## YOUR OBJECTIVE
Return the lines beginning at the one that contains "Laptop Dell Inspiron" and continuing to the end of the entries, including both ends, exactly as written and nothing else.

## RECORDS SUPPLIED
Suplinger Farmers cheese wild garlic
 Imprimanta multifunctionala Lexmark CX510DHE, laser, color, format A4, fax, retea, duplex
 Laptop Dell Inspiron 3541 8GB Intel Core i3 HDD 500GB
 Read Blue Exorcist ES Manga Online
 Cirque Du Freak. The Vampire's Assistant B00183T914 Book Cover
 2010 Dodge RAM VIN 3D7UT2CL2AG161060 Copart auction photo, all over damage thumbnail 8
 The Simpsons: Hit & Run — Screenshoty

## WRITTEN RESPONSE
 Laptop Dell Inspiron 3541 8GB Intel Core i3 HDD 500GB
 Read Blue Exorcist ES Manga Online
 Cirque Du Freak. The Vampire's Assistant B00183T914 Book Cover
 2010 Dodge RAM VIN 3D7UT2CL2AG161060 Copart auction photo, all over damage thumbnail 8
 The Simpsons: Hit & Run — Screenshoty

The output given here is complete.